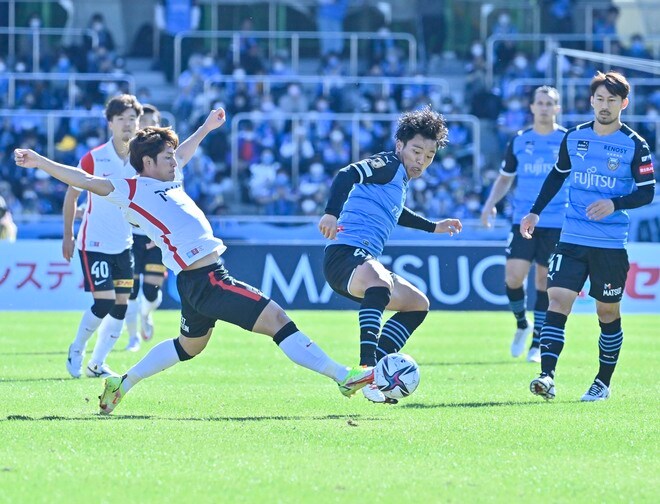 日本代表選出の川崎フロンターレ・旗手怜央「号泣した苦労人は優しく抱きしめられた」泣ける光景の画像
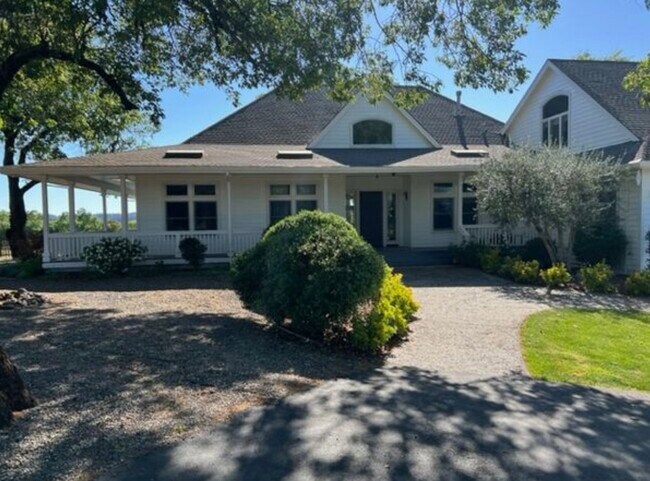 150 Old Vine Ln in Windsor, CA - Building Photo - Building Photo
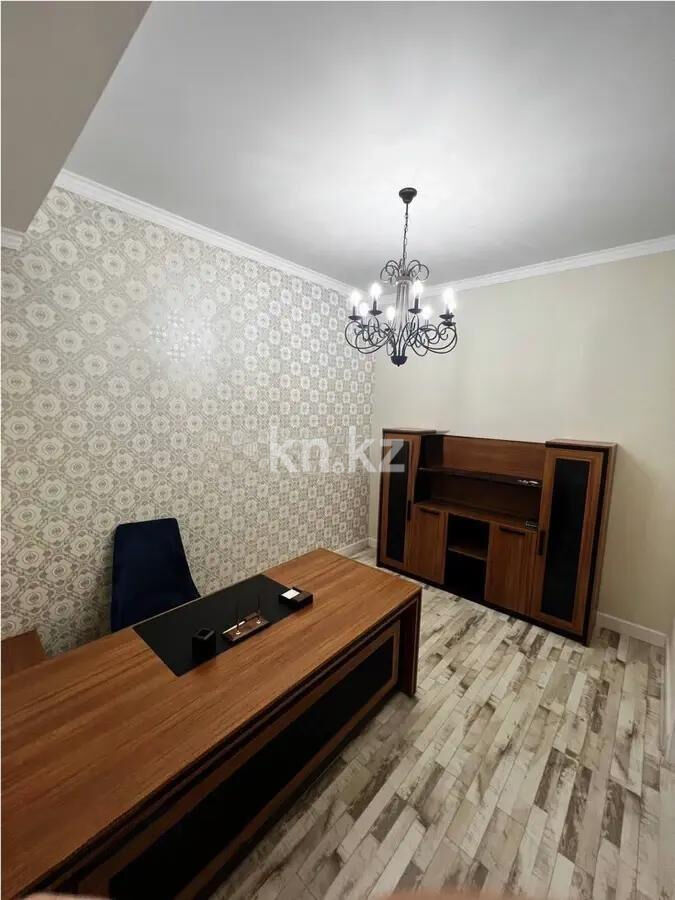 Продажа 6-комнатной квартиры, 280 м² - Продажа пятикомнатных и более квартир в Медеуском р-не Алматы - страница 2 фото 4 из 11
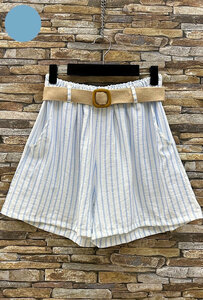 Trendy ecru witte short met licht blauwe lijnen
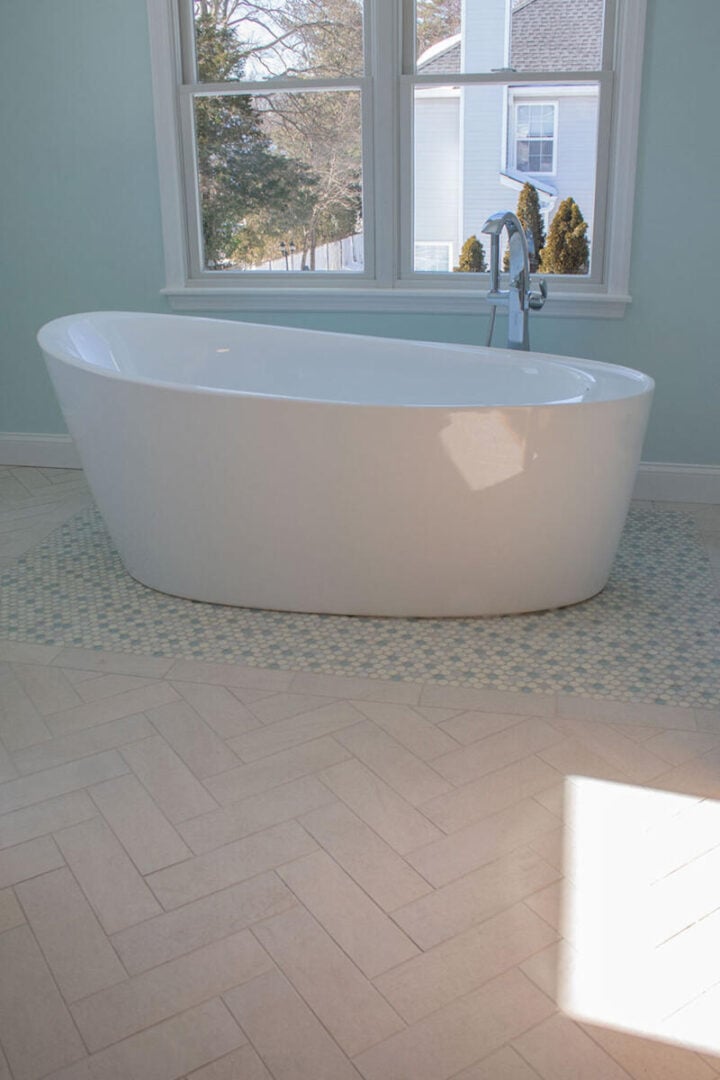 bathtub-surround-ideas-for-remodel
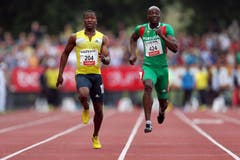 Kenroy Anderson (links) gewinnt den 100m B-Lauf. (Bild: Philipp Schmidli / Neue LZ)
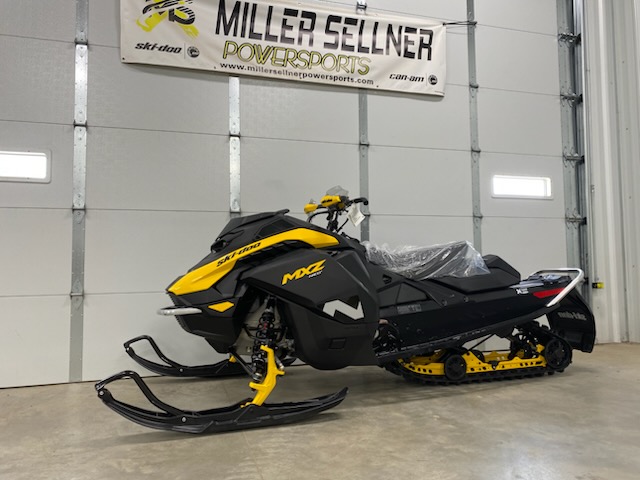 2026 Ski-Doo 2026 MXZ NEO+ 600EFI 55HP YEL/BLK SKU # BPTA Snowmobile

--

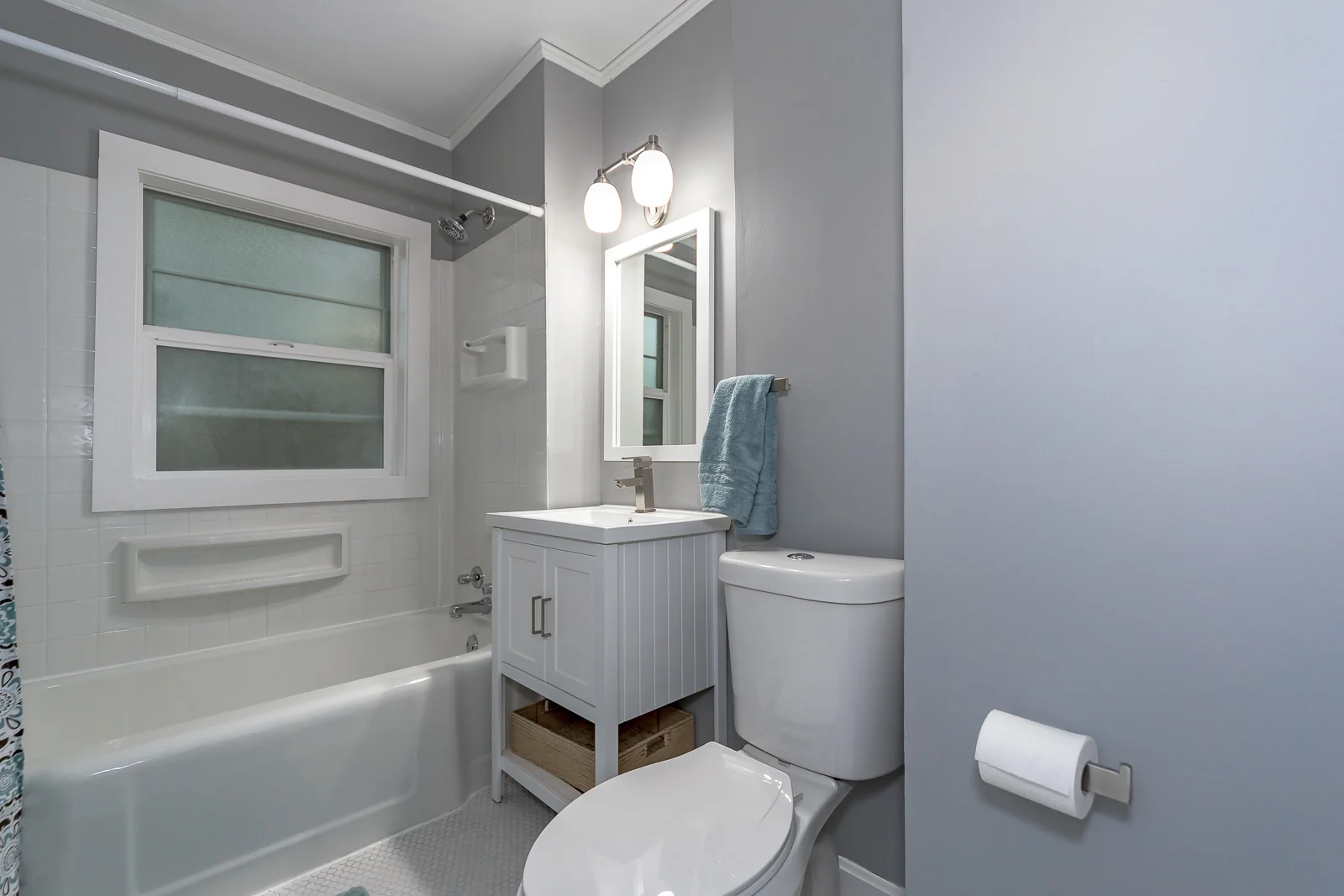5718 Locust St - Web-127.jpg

--

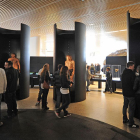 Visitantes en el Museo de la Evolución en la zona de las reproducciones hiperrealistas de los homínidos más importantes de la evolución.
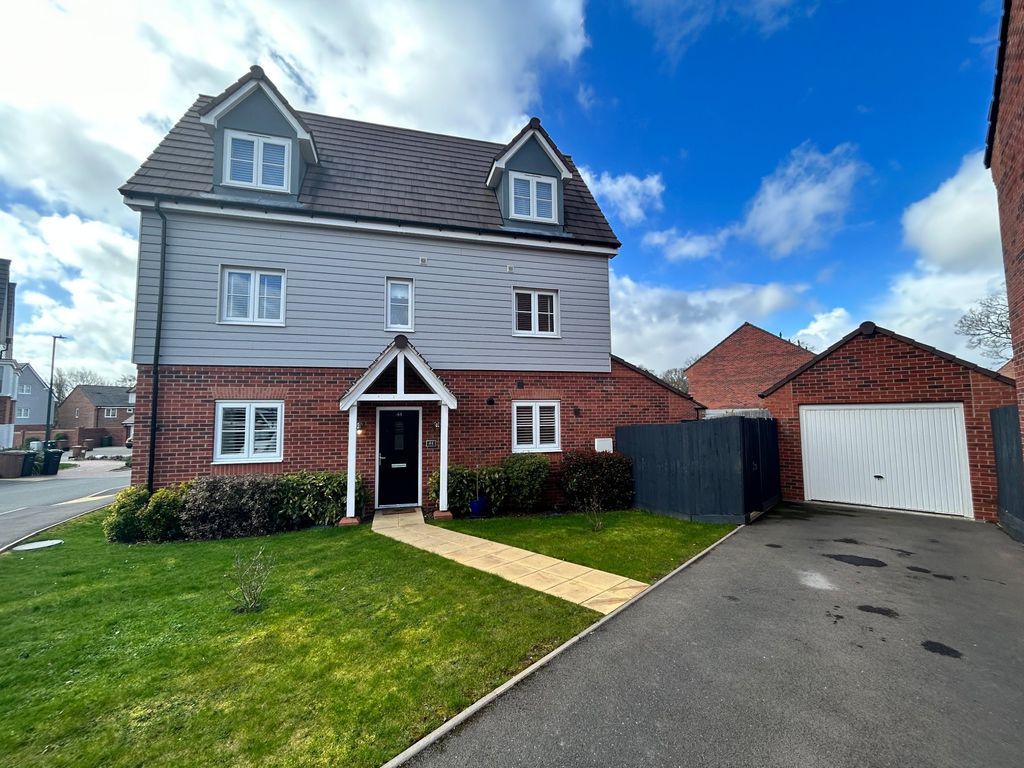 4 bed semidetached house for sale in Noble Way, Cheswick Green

◆ **HOW TO COMPLETE THIS TASK**
Copy out exactly the lines above beginning with the line that contains "Visitantes en el" and finishing with the line that contains "4 bed semidetached", including both; leave the pictures out.

◆ **WRITTEN RESPONSE**
 Visitantes en el Museo de la Evolución en la zona de las reproducciones hiperrealistas de los homínidos más importantes de la evolución.
 4 bed semidetached house for sale in Noble Way, Cheswick Green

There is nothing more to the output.